Peking University, Mar. 26, 2013: “The role of the PKU continuing education is to be part of the PKU process to build a world-class university and to serve the society,” said the dean of the newly launched PKU School of Continuing Education.

 

Speaking on approaches to the role, Professor Guan Haiting, also vice provost of the university, emphasized high-end training, online education platform, and diploma education.

 

“The diploma education should be strictly controlled, its management enhanced, and quality ensured,” added Professor Guan in an interview on March 19.

 

It is with the purpose to improve management that the new School of Continuing Education was established earlier this year, said Professor Guan. It solved the problem of “being both judge and player” by separating the “managing and running” functions of the former Office of Continuing Education.

 

The new school, through the merger of the School of Adult Education, School of Distance Learning, and Training Center under the former office, operates as an independent college, offering education programs to the public, said Professor Guan.

 

The new Office of Continuing Education retains the mechanism to oversee the university’s continuing education on behalf of PKU and its president.

 

The PKU document dated Jan. 22, 2013 on the launch of the PKU School of Continuing Education and appointment of Guan Haiting as dean

 


Online courses: key to the PKU dream

The dream to attend PKU “could be realized online,” said Professor Guan, emphasizing the role the Online Open University plays in the development of continuing education at PKU.

 

"I have a dream that people who would like to attend Peking University could have access to the PKU education," the then President Zhou Qifeng detailed his "Chinese dream" at the annual National People's Congress (NPC) session earlier this month.
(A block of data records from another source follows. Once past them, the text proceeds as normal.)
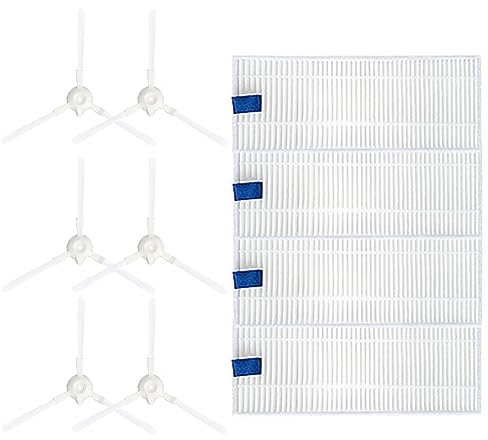 Donkivvy Lot de 10 filtres à Brosse latérale pour aspirateur Explorer 20 40 45 50 Series RG687 RR682 RR688, 4 filtres HEPA, 6 brosses latérales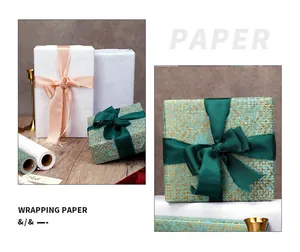 Close-up detail of luxurious textured gift wrapping paper with elegant silk ribbons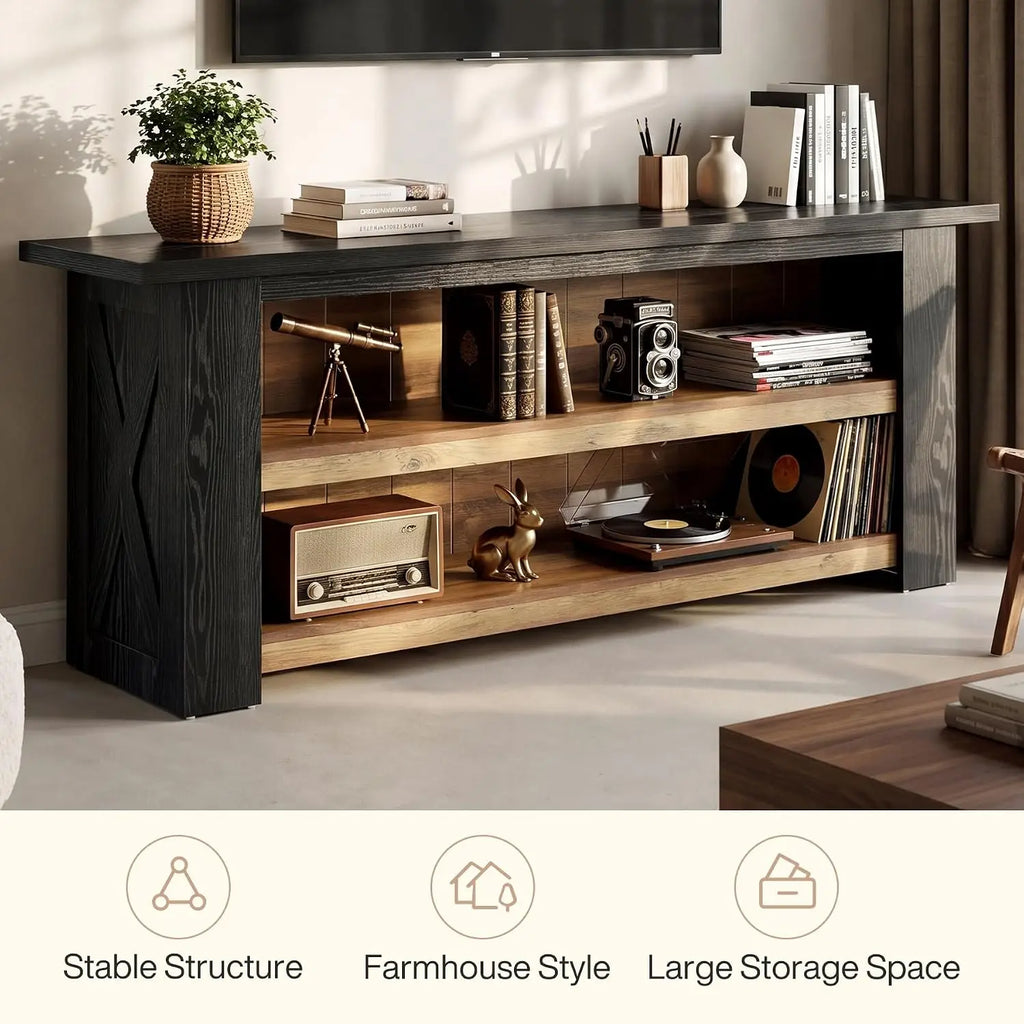 65IN Farmhouse Entertainment Center, Storage Cabinet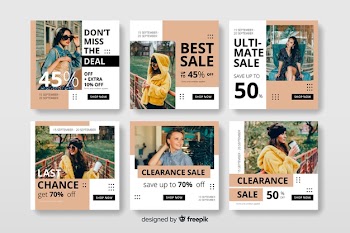Instagram post collection template with photo Free Vector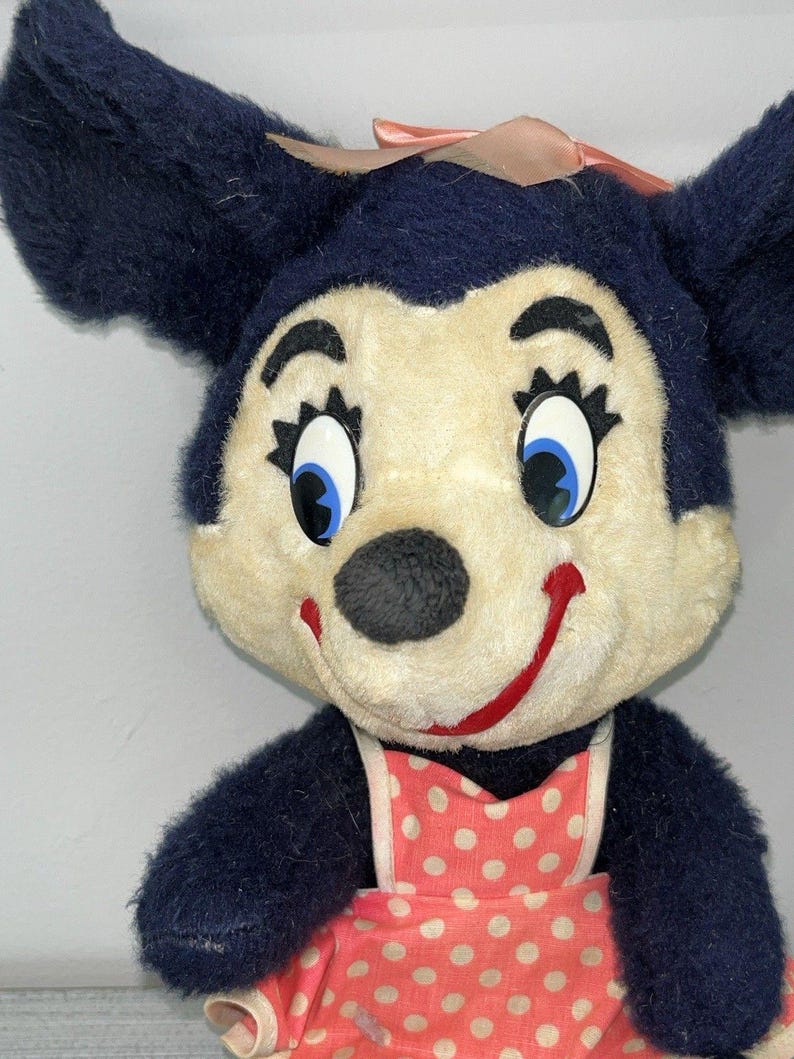 1950s Minnie Mouse Plush Stuffie Doll Walt Disney Distributing Co Vintage 12” image 1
He believed this is possible with modern technology, mainly through the online education platform.

 

It is difficult, said Professor Guan. “But we have to do it.”

 


Two types of education: in harmony?
“Young students complained to us when the scale of continuing education got colossal,” said Professor Guan, who also supervises the PKU undergraduate program. The two duties integrated, “which is hard,” said Professor Guan.

 

He emphasized that “undergraduate education is still the top priority of Peking University,” thus the development of continuing education should not pose a threat to it; rather, they are to thrive side by side. “When I was informed of students’ complaint on the oversized training classes on campus, I would immediately report to the president that continuing education shouldn’t have been operated in this manner.”

 

Professor Guan has worked on continuing education for around four years and was aware that continuing education is also what the university should consider in terms of further development. Professor Guan was content with his work of balancing these two types and balancing the economic and social benefits. “PKU should leave the society an impression of paying back, instead of profiting.”

 

 

Doubts and optimism
The continuing education at PKU has been confronted with doubts, though. Some questioned that it “grasped money” with fees ranging from tens of thousands to hundreds of thousands yuan.

 

Professor Guan responded: “The role of continuing education is clear — to serve the society. And we hope not to raise conflicts.” The most essential work is quality control. “We should set up classes with the pursuit of high quality rather than gigantic quantity. But we will not misappropriate resources that belong to undergraduates. For example, classrooms allotted to them are far from those for undergraduates.”

 

But the toughest task, Professor Guan admitted, was the coordination among training programs by schools and departments. Some unrelated schools or departments provided “popular” courses in economics and business management. This is a profound problem of systematic innovation, said the dean. “We need to serve other schools and departments. If we manage the students they recruited and we give them financial support in return, they will solve the funding problem while focusing on research and teaching.”

 

Though this model is still under trial, there are already successful cases. “I believe the PKU continuing education will be more professionalized,” Professor Guan added.